● Pictures with short captions
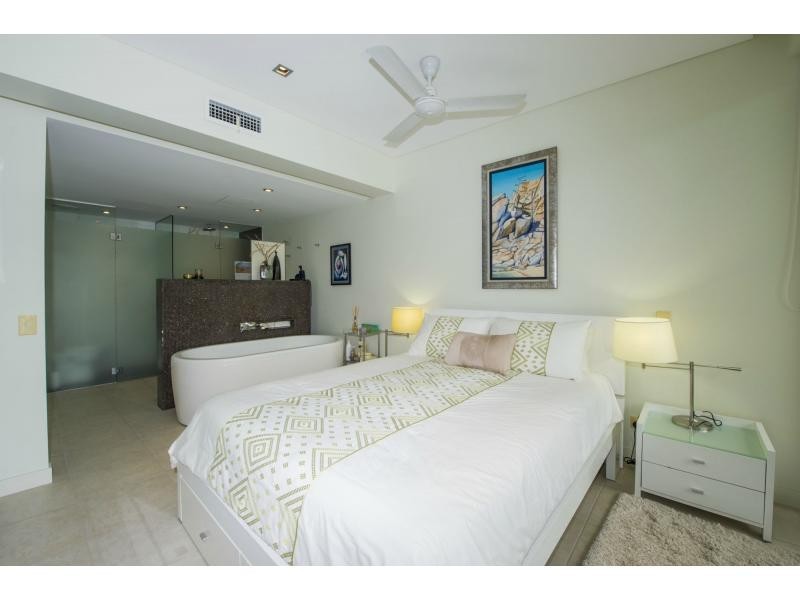 332/123 Sooning St (Blue On Blue) , Nelly Bay, Magnetic Island QLD 4819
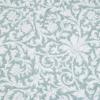 imageLaura Ashley  Queen Quilt Set Reversible Cotton Bedding with Matching Shams Lightweight Home Decor for All Seasons Mia Blue QueenKing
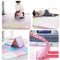 8-16PCS Foam Puzzle Floor Mat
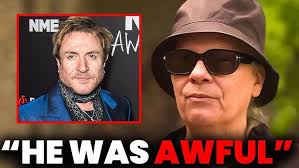 DOWNTIME Steven Morello & Todd Zerges "For a Fall"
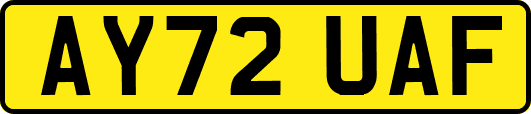 AY72UAF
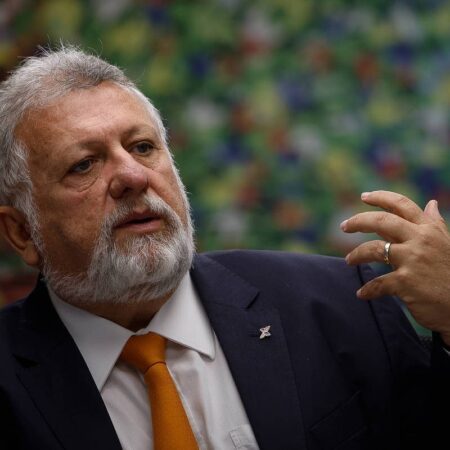 Presidente da Caixa vai se reunir com Lula na próxima semana e explicar projeto de criação de Bet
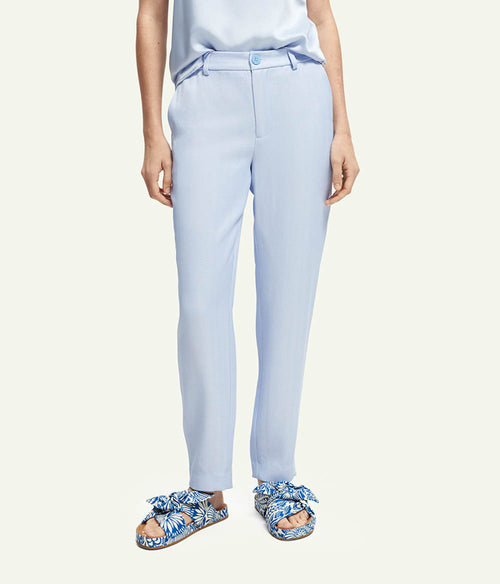 Scotch & Soda Slim Fit Pant Clothing Scotch & Soda   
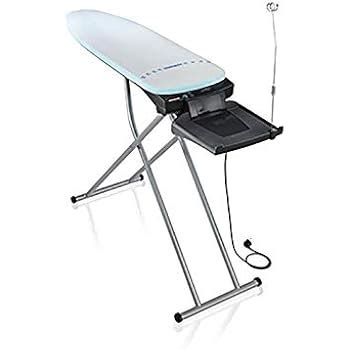 Leifheit Air Active Ironing Board For Steam Iron Generators 118 X 38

● WHAT THE TASK ASKS
Give back each entry exactly as it appears, with no pictures.

● ANSWER SECTION
 332/123 Sooning St (Blue On Blue) , Nelly Bay, Magnetic Island QLD 4819
 imageLaura Ashley  Queen Quilt Set Reversible Cotton Bedding with Matching Shams Lightweight Home Decor for All Seasons Mia Blue QueenKing
 8-16PCS Foam Puzzle Floor Mat
 DOWNTIME Steven Morello & Todd Zerges "For a Fall"
 AY72UAF
 Presidente da Caixa vai se reunir com Lula na próxima semana e explicar projeto de criação de Bet
 Scotch & Soda Slim Fit Pant Clothing Scotch & Soda   
 Leifheit Air Active Ironing Board For Steam Iron Generators 118 X 38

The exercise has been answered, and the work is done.